Les informations concernant près de 2,6 millions de foyers locataires et occupants du parc privé avec tous les membres, identité, adresse, situation professionnelle, ressources et reste à vivre après paiement du loyer, type de logement et loyer, voire les autres allocations versées avec leurs montants, seront probablement bientôt divulguées à l’Agence nationale de l’habitat (ANAH).
Le Conseil national de l’habitat — instance consultative de tous les acteurs du logement, fonctionnaires du ministère, associations de locataires, promoteurs et agents immobiliers — s’est déroulé le jeudi 18 et vendredi 19 mars. Visiblement, les discours échangés lors de cet événement ont été houleux.
Une dizaine de projets de décret ont effectivement été étudiés. L’un d’entre eux, en application de la loi « énergie et climat » du 8 novembre 2019, a particulièrement soulevé des débats, sous la présidence de Mickaël Nogal, député de Haute-Garonne.
Ce projet prévoit pour chaque année, la transmission des fichiers sur les usagers du parc privé, locataires et propriétaires, bénéficiaires des aides au logement à l’ANAH. En effet, la Caisse nationale d’allocations familiales et la Mutuelle sociale agricole seraient désignées pour réaliser cette mission.
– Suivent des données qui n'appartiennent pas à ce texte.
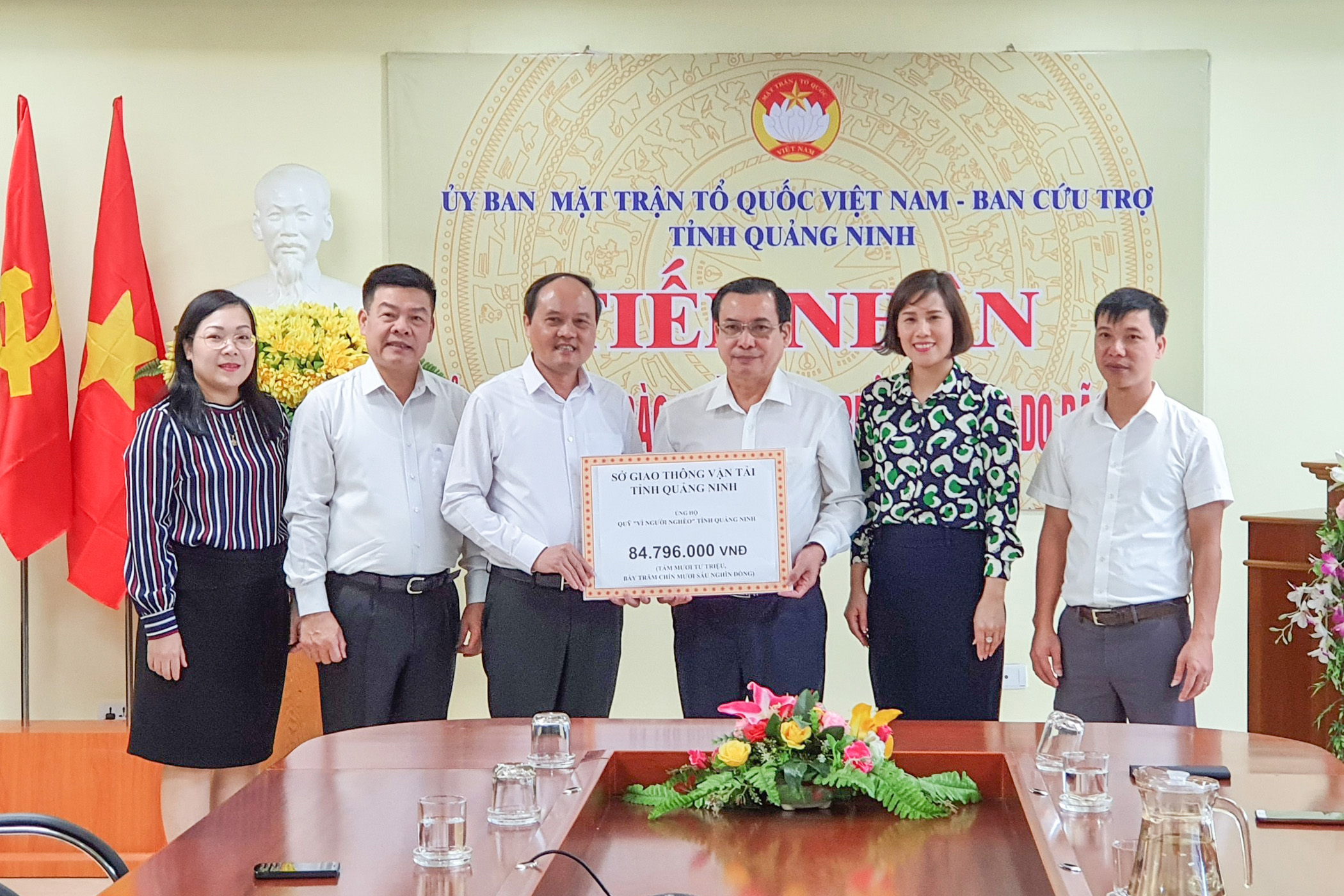 Lãnh đạo Sở GT-VT trao tiền ủng hộ về Ủy ban MTTQ tỉnh - Ban Cứu trợ tỉnh.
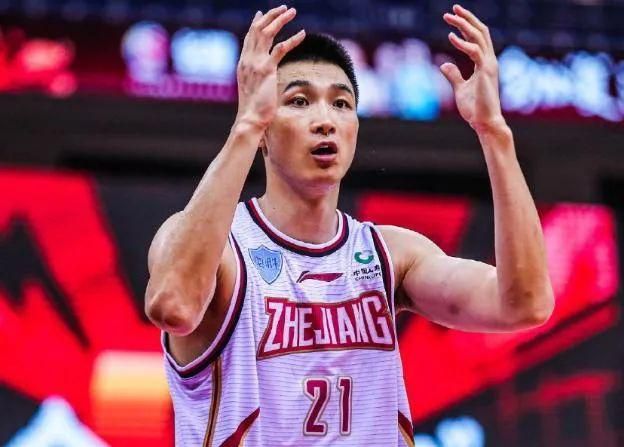第63分钟，托莫里解围时受伤，坎德雷瓦右路得球，一路向前推进后自己起脚攻门打近角，迈尼昂没有扑到，萨勒尼塔纳2-1AC米兰。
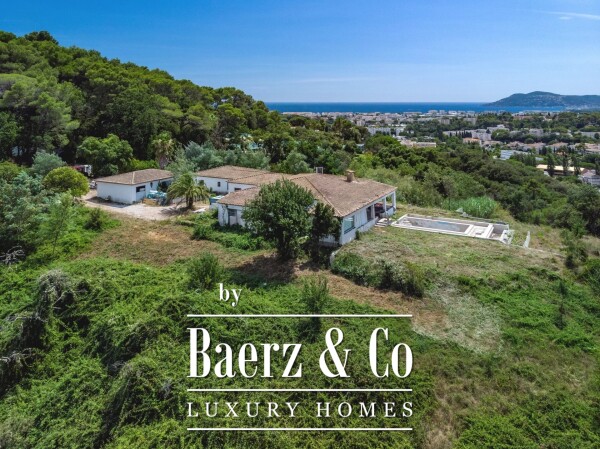 photo 1 Mougins, Sea view villa to renovate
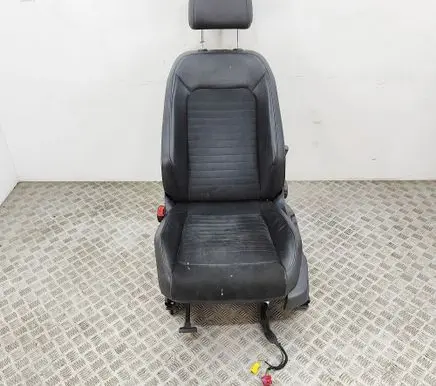 Volkswagen PASSAT B8 Front driver seat 5Q4881105Q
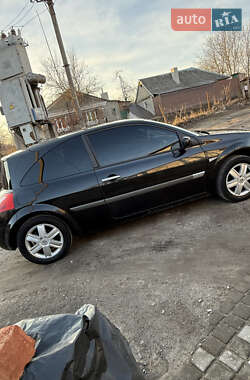 Купе Renault Megane 2005 в 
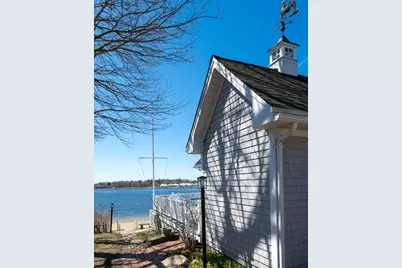 15 Oakhill Rd, Wareham, MA 02571 - Photo 3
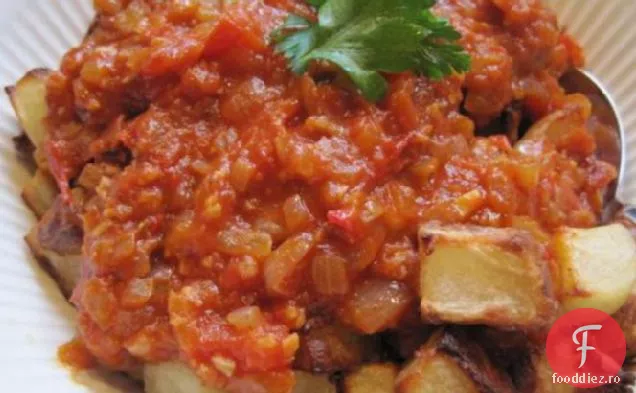 Patatas Bravas-cartofi pentru stilul curajos, spaniol!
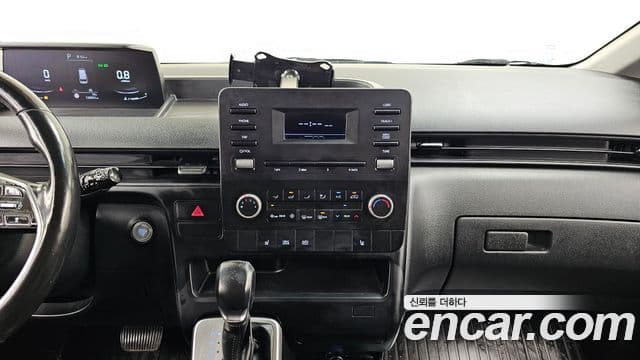 Hyundai Staria 2021 — ფოტო 14/20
D’après la note de présentation de décret mentionné précédemment, ces informations seraient nécessaires pour « aider à la mise en œuvre de missions de service public réalisées par l’ANAH, identifier les logements susceptibles de bénéficier d’aides à l’amélioration qu’elle propose » aux ménages vivant dans des logements défavorisés. Elles seraient également utiles pour « mieux lutter contre la fraude en croisant les données issues de différents organismes ».
Selon l’explication de Guillaume Aichelmann, chargé de mission de l’association Consommation Logement Cadre de vie « Ce transfert massif d’informations, qui ne seront pas réservées aux seuls salariés de l’ANAH puisqu’elles peuvent être déléguées à des sociétés tierces, des sous-traitants, nous inquiète. Ce sont décidément toujours les pauvres que l’on contrôle ! Quant à la lutte contre la fraude, elle vise à nouveau les seuls ménages aidés alors qu’elle pourrait mieux exploiter, par exemple, les déclarations de revenus des bailleurs ».
M. Pelenc, membre du Conseil national de l’habitat, est apparemment d’accord sur la concrétisation du projet de décret. De ce fait, il estime : « En tant qu’opérateur, nous manquons toujours de données pour identifier les habitants qui ont besoin d’être aidés, explique Michel Pelenc, directeur général de Soliha, association qui, au nom de l’ANAH, démarche et conseille les ménages dans l’amélioration de leurs logements. Mais là, j’admets que le moyen est un peu disproportionné dans la mesure où le nombre de logements faisant l’objet d’une convention avec l’ANAH dépasse rarement les 10 000 par an, avec de très rares cas de fraude… On prend un marteau pour écraser une mouche ».